Il Grand' Inquisitor

Andrè Schuen en Liebeslieder-Walzer in Schwarzenberg

Gisteren stonden er twee liedrecitals op het programma van de Schubertiade. Brahms was de dominante componist in beide programma's, uitgevoerd door wat beschouwd kan worden als de crème de la crème van de jongere liedgeneratie.


(foto © Schubertiade Schwarzenberg)

Andrè Schuen en Daniel Heide gaven 's middags een Brahms-Mahler-recital... te beginnen met de Vier ernste Gesänge. Schuens stem lijkt elk jaar wel donkerder en dieper te worden, wat voor deze liederen zeker een voordeel is. Met zijn oneindige adem en brede dynamiek werd het een schitterende uitvoering. Zo krijgen we een intens pianissimo in Ich wandte mich, und sahe an voor "und der noch nicht ist, ist besser als beide", de openingsverzen van O Tod, wie bitter bist du kleurt hij donker in met een mooie diepe resonantie, wat hij op het einde herhaalt - "Tot, wie wohl tust du" - met een perfect mezza voce, na een vertederend dolce "der da schwach und alt ist". In de selectie Brahms-liederen waarmee hij zijn recital beëindigde, kregen we een vergelijkbare intensiteit in bijvoorbeeld Auf dem Kirchhofe.
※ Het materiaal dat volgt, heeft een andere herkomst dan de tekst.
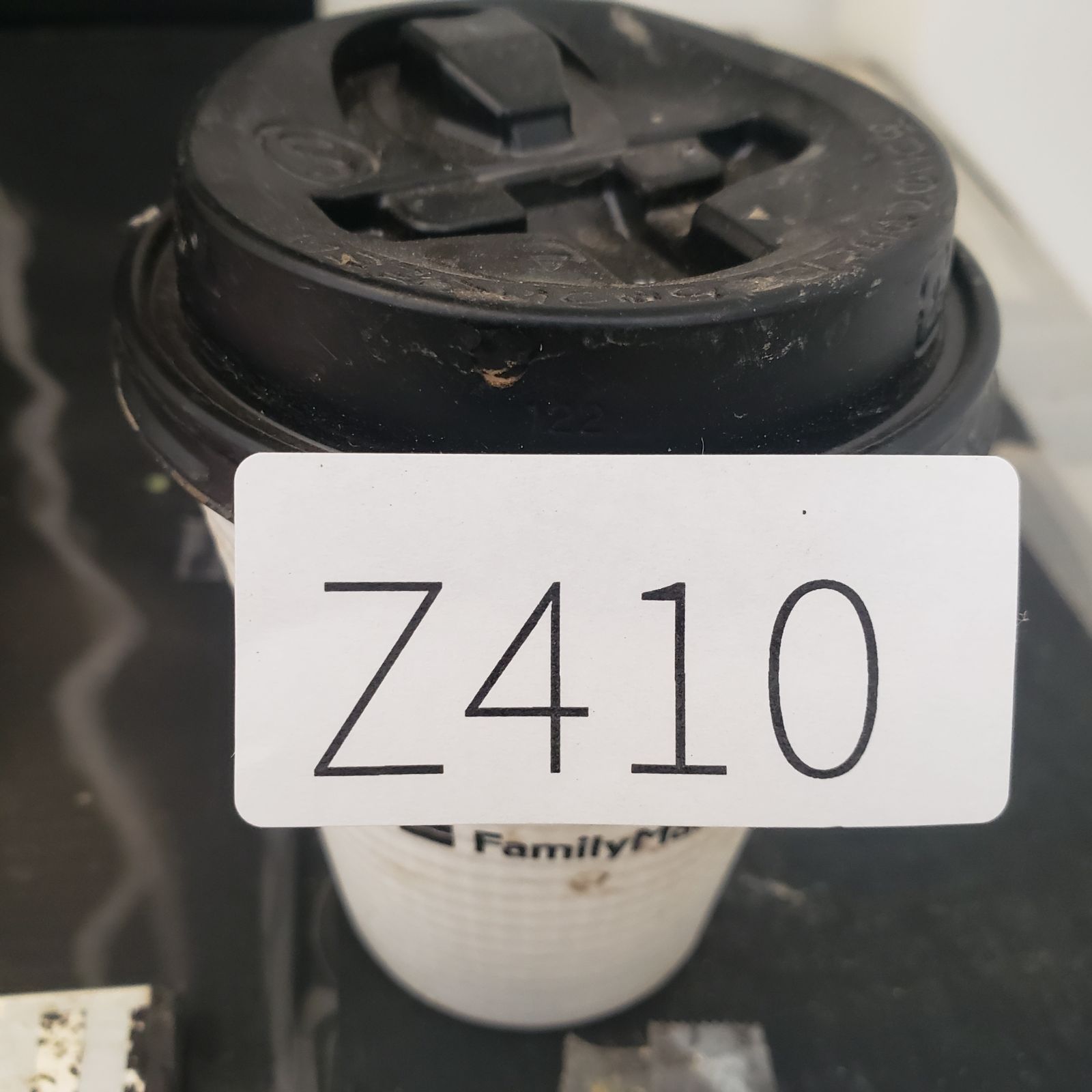 最新到着 Boophane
Het laatste Brahms-lied was het mij onbekende Entführung, wat dan weer verwant was aan de Lieder aus des Knaben Wunderhorn die hij in het midden van het recital zong. Hij begon met twee oorlogsliederen. De zwaarmoedigheid en de uitputting in Revelge maakt hij tastbaar in de manier waarop de soldaat telkens weer moed put om verder te gaan, ofwel omdat het moet "ich muss marschieren bis in den Tod" ofwel omdat hij zijn liefje ziet. Ook Wo die schönen Trompeten blasen was mooi opgebouwd, beginnend met alle facetten van het pianissimo in "der mich so leise wecken kann" tot een vastberaden jongeling die ten strijde trekt, maar uiteindelijk toch niet meer zo zeker is dat hij met zijn geliefde zal kunnen trouwen. Als Schuen tenslotte alle kleur uit zijn stem haalt bij "da ist mein Haus, von grünem Rasen" ziet hij zijn dood al voor zich. Zijn vertolking van Lied des Verfolgten im Turm vond ik dan weer minder geslaagd, omdat hij om een of andere reden geen poging doet om de Mädchen-strofen lichter te laten klinken. In het dialooglied Der Schildwache Nachtlied stoort me dat minder, omdat hier de schildwacht misschien dialogeert met een duiveltje (of een engeltje, afhankelijk hoe je het bekijkt) dat op zijn schouder zit en hem vanalles influistert.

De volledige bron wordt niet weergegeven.